引き釣りのテンヤにセットするエサはドジョウもしくは冷凍キビナゴだ。ドジョウは冷凍物もあるが、できれば生きているもの(テンヤにセットする際はショックを与えたり、エラブタをハサミで切るなどして動きを止める)がよい。釣果という点では直前まで生きていたものにかなわないようだ。ドジョウはエサ持ちがよく1尾のドジョウで数尾のタチウオを釣ることも可能。


引き釣りで昔からの定番エサは生きたドジョウ

一方で冷凍キビナゴは身が軟らかいので、ドジョウのように何尾ものタチウオを釣ることは難しい。タチウオを1尾釣るたびに、またアタリがない場合も身崩れしたら即座に交換する必要がある。ただしキビナゴはドジョウにくらべずいぶん安価なので、近年はキビナゴ一辺倒のアングラーも多い。


安価な冷凍キビナゴもよく釣れるエサだが、身が軟らかいのでエサ交換を頻繁に

いずれのエサの場合もテンヤフックの軸に沿わせ真っ直ぐにセットすることが必要だ。「少しぐらい歪んでいても大丈夫だろう」と高をくくっていると、隣ではアタリがあるのに、まったくアタリが出ないことも多い。水中でテンヤの動きがイレギュラーになり、それをタチウオが嫌うのかもしれない。


エサはテンヤのフック軸に対し真っ直ぐにセットすること。上のように歪んでいると極端にアタリが少なくなる

またテンヤのフックサイズに対し大きすぎるエサもよろしくない。もともと小さいキビナゴは関係ないが、大きすぎるドジョウは考え物。
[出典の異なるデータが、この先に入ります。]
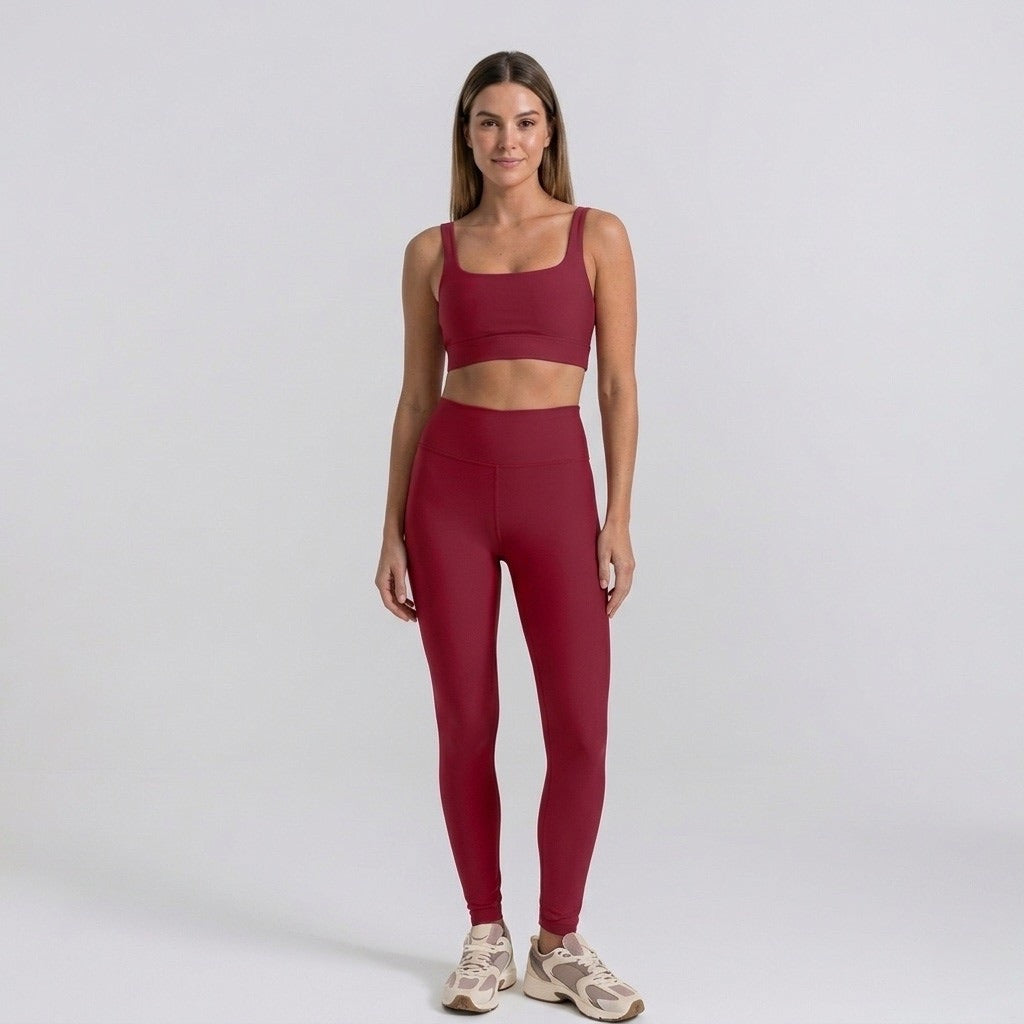 Burgundy Sports Tank Top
そんな場合はドジョウの頭部をハサミでカットしてテンヤにセットしよう。目安はフック後端から尾ビレが出る程度だ。


フックサイズに対しエサ(とくにドジョウ)が大きすぎる場合は頭をカットする

最近のテンヤはワンタッチでエサをセットできるものもあるが、基本は付属の針金を巻き付けてエサを固定する。ドジョウでもキビナゴでも硬い頭の部分をきつく多めに巻き、後半のボディーには粗くさっと巻き付けるだけでよい。余った針金は前方へ巻き返しヘッド付け根付近のフック軸などに巻き付けておく。